Thursday, November 26, 2009

What I'm thankful for...

Three hours into Thanksgiving and I have a two things to be thankful for:

Precious (http://www.youtube.com/watch?v=b5FYahzVU44) tells the story of a sixteen year old girl in the seventh grade and pregnant for the second time with her biological father's baby. She suffers from physical and emotional abuse by her mother, she is on welfare, and she cannot read above a second grade level. Clareece "Precious" Jones's story is based on the novel Push by Sapphire and is a fictional one - just like Victor Barrenechea's THE RAPE TUNNEL (http://www.artlurker.com/2009/09/the-rape-tunnel-by-sheila-zareno/), where Barrenechea, in his "apparent" stroke of art blogging genius, conceptualizes a criticism of modern art by using sexualized violence as his platform. In Barrenechea's fabricated exhibition, his fictional artist, Richard Whitehurst, intends to literally rape every person who walks down his rape tunnel: "I’m not necessarily concerned with the positive or negative effects of this project so long as there is some effect on people’s lives. I’ve merely set up a situation where there is potential to impact people in meaningful ways." Meaningful, huh?

As I said before, both stories are fictional - but I'm thankful for them nonetheless. Initially, I felt pure hatred in watching Precious and reading about THE RAPE TUNNEL. I felt like they were so awful and twisted that neither of them could reflect reality. But here's the thing - while these stories are fictional, there are millions of people with stories just like Precious and million more like Victor Barrenechea who think rape is a joke. We should feel angry about these realities - and even angrier that they exist together as one sick contradiction: the frequency of sexualized violence together with the humor and insensitivity of it!
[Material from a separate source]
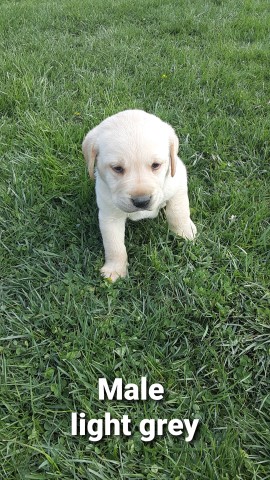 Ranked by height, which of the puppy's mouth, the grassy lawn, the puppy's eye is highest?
the puppy's eye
Part of me takes ownership for this contradiction. Surely, I didn't make people think and behave this way. I cannot change the minds of people like Victor Barrenechea in one day, or even one lifetime - and I cannot change the lives of people like Precious in even several lifetimes. But I can take ownership of it because if I stopped pointing fingers at the abusers and the politicians and the bad role models who contribute to this reality, stopped alienating and marginalizing myself from all of the people whom I consider colluders of this reality; rather, I started listening to them, understanding them, and finally thinking with them as a whole rather than clashing as individual parts in a society bent on disagreement, maybe it could start the right dialogue to ending these violent trends and insensitivity.

This wasn't the bashing that I had hoped to do, but I guess I realized that I've been down the angry road before and what I thought would come out of it, didn't.
So today, I'm thankful for Precious and THE RAPE TUNNEL because, in a twisted way, they've helped me see a new future for ending sexualized violence and rape normalization. Go see them, and decide for yourself.